Unfortnately, front door wreaths can be expensive and hard to store.
Simple, budget friendly fall wreaths!
Try making one of these gorgeous wreaths with natural materials available in your area and you’ll be the envy of your neighbors.
I love using natural craft materials in my projects (fall leaves and pinecones are my favorite supplies). They are free to gather and look beautiful!
Plus, natural wreaths can be enjoyed and then thrown away with no guilt! The materials will break down naturally so you can use them for a single season.
These wreaths are even more affordable (and environmentally friendly) if you use cardboard to make a simple wreath base. (Check out these directions for making a recycled newspaper wreath form.)
Hooray for natural crafts!
NATURAL FALL WREATHS
These natural fall wreath ideas will help you decorate for fall. Try making one or two!
This traditional dried hydrangea wreath from Thistlewood Farms is the perfect addition to any porch.
A Calico Corn Wreath (also called Flint Corn or Indian Corn) is perfect for Thanksgivng. Get the easy instructions from the Stone Gable Blog.
Colorful leaves are the first sign of autumn. This simple Fresh Fall Leaves Wreath from Bren Did looks great on any door.
Twigs and Fabric are all it takes to make this gorgeous sunshine wreath for autumn. Get the simple tutorial from Yellow Mums.
You’ll be racing the squirrels to get acorns for this lovely wreath. Full Acorn wreath tutorial from Tried and True Blog.
Can you belive this gorgeous wreath is made from nothing but corn tassels? You’ll wish you were friends with a farmer so you could make this wreath from All Things Thrifty.
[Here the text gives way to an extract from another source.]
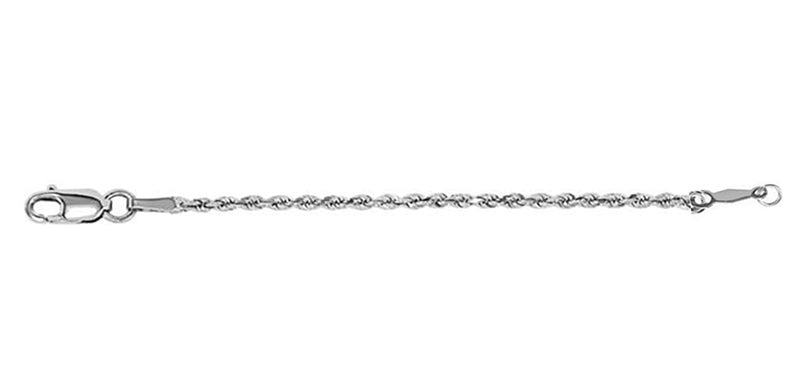 14K White Gold 1.5mm Rope Chain Rope Extender Safety Chain Chain, 4.25"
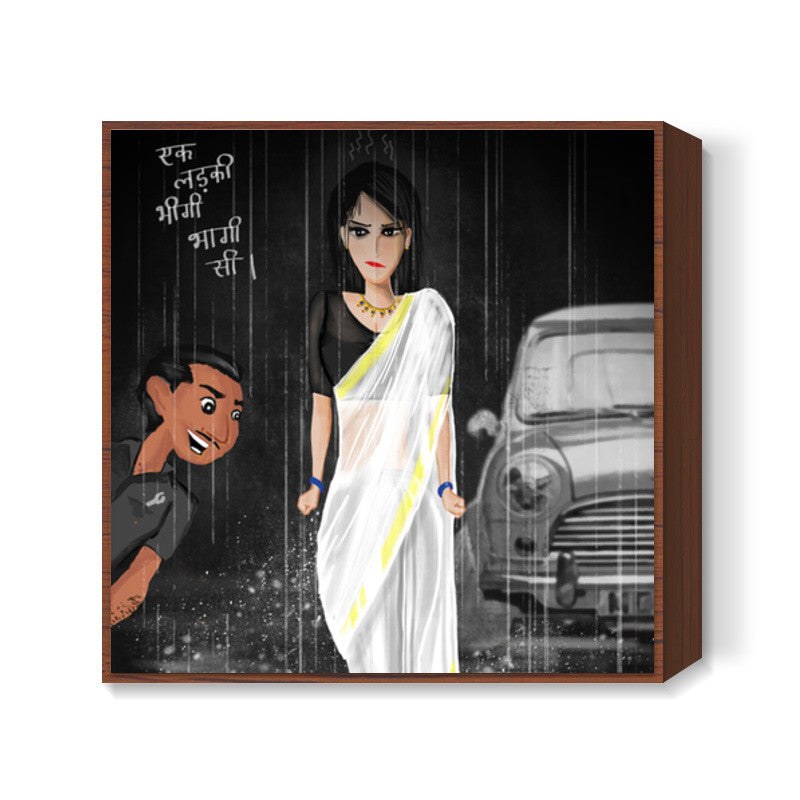 Ek ladki bheegi bhagi Square Art Prints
Serve some fresh sweet corn and save the husks for this lovely corn husk wreath. Get the clever tutorial from Hymns and Verses.
Dried wheat is used in traditional American farmhouse crafts. It’s beautiful when made into this simple wreath from The Happier Homemaker.
Tiny wood slices made an easy and attractive wreath. Full instructions at Vintage Mellie.
Grab a bag of nuts and a bit of hot glue for this simpe nut wreath. Get the full tutorial from Martha Stewart.
Love wood grain? This easy wood slice wreath looks perfect in fall and winter. Get the instructuis at Finding Home Farms.
Pebbles and succulents make up this unusual, but beautiful wreath from The Shabby Creek Cottage.
This unusual but gorgeous crab apple wreath comes from Tint Angel. (Directions are in Dutch, photos are easy to understand.)
Chinese lantern plants are the perfect orange for fall and Halloween. Grab the simple tutorial from Family Circle.
Bitter Sweet is a beautiful wild vine that grows on fenceposts and sunny forests. Martha Stewart has an excellent tutorial for turning the vines into wreaths.